Le macrocosme et le microcosme se trouvent réunis par la magie des sens.

Car Lebadang, à coup sûr, est un homme de mémoire, de mémoire géologique.

Quand il choisit, avec la précision des maîtres d’œuvres, le papier chiffon, il sait qu’il va travailler la cellulose pure, exempte de lignine pour façonner à la manière du grand architecte un espace dont l’ambiguïté sera d’être naturo-culturelle.

Il retrouve les strates, les cratères, les synclinaux et les anticlinaux que le temps a façonnés, mais que l’on finit « in situ » par ne plus remarquer.

Il faut y voir là une sorte de retour aux sources, de regard antédiluvien où la nature était art, où la forme était résonance cosmique.

Que les strates soient de schiste ou de cellulose, qu’importe. Il y a comme une généalogie plastique, une accumulation de « mémoires ».

Transposer dans l’émotion première, comme veut le faire Lebadang, une œuvre de petit format sur une réalisation de plusieurs hectares, montre à quel point, l’art tel que le conçoit l’artiste est partie intégrante de l’homme.

Et c’est un vieux mythe — c’est finalement pénétrer la matière pour la vivre — pour y vivre. C’est retrouver le sentiment populaire que l’homme est à la fois un univers et dans l’univers.
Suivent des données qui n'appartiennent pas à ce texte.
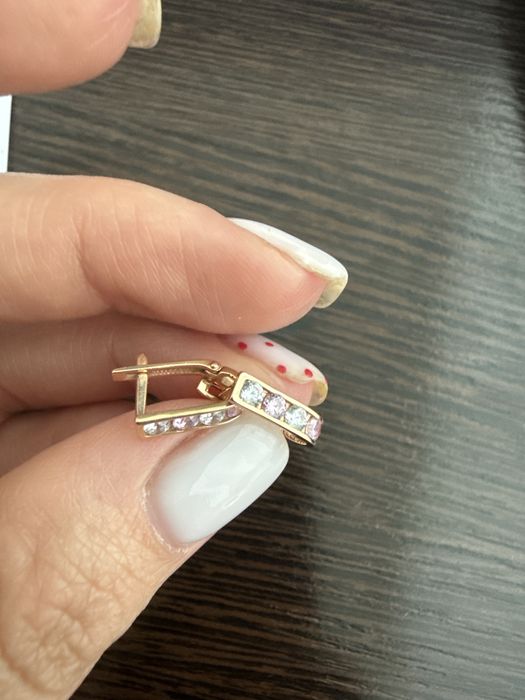 Продам детские серьги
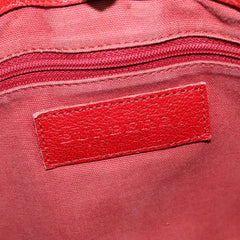 Burberry Pilgrim Satchel Haymarket Coated Canvas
C’est être un géant et un lilliputien.

Du reste l’atelier de Lebadang a ce quelque chose d’apprenti sorcier.

Les feuilles — je veux dire les strates — de papier de couleur noire, rouge ou bleue, sorte de grandes plaques tectoniques, rampent et glissent, à sa volonté, sur le sol du local.
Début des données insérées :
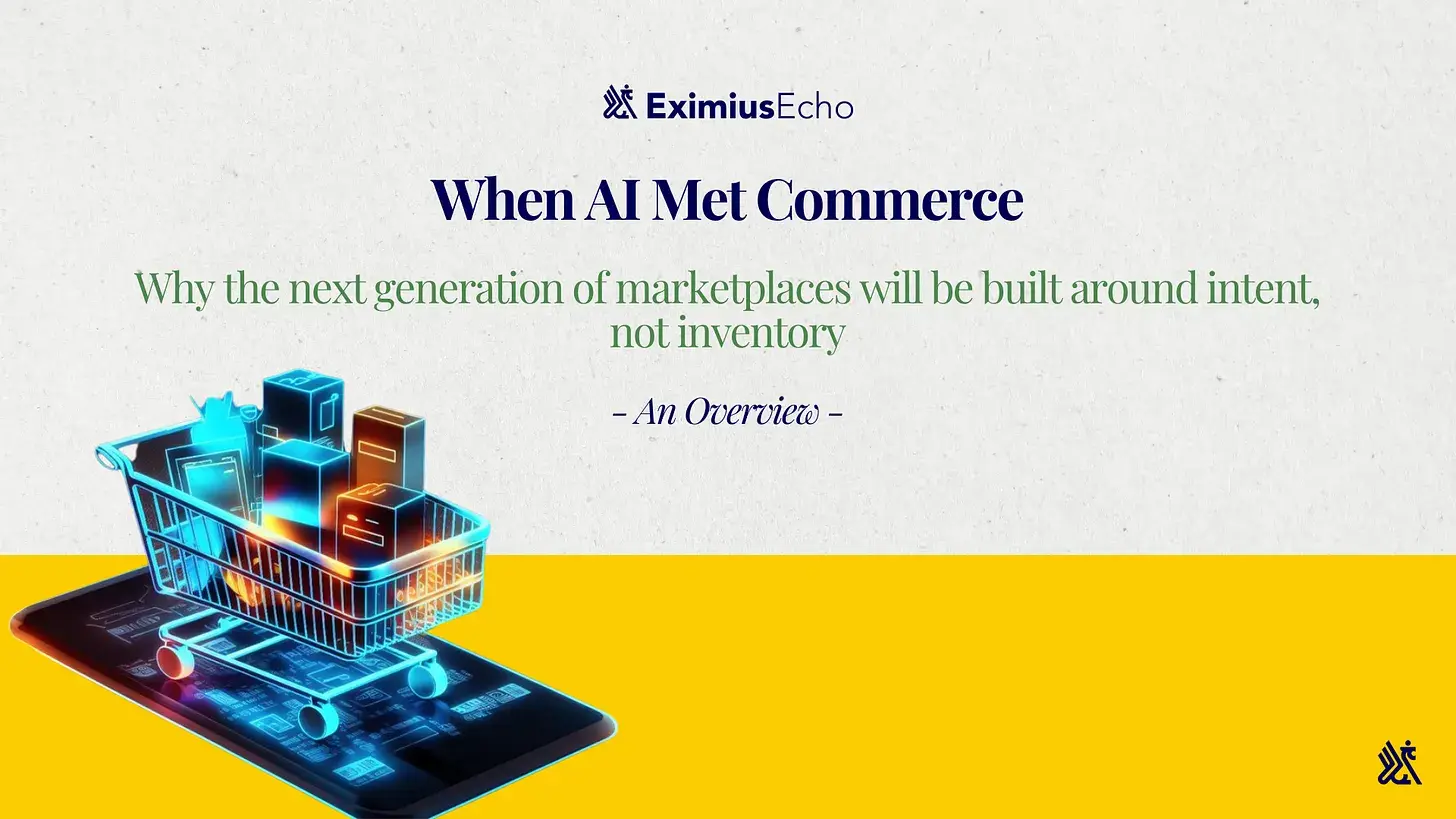 When AI Met Commerce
Il reconstruit des paysages miniatures avec certainement une soif quasi maladive de retirer le superflu.

Il veut revenir à un état premier, ou plus exactement à un état primordial.

Cet état que tout chercheur de calme et que tout philosophe se fabrique et que l’on nomme « Le désert intérieur ».

Lebadang est un sage, qui sait que ce qui n’est pas fait avec le temps, n’est retenu par le temps.

Alors, il fabrique, il recompose des paysages, des continents à l’image des modèles qu’il assemble.

Comme il le dit lui-même, comme il le ressent, c’est le cycle éternel de la lumière et de la vie.

C’est une œuvre où chaque parcelle de cellulose/schiste respire profondément la vie et la lumière.

L’acte créateur s’affirme dans toute sa plénitude.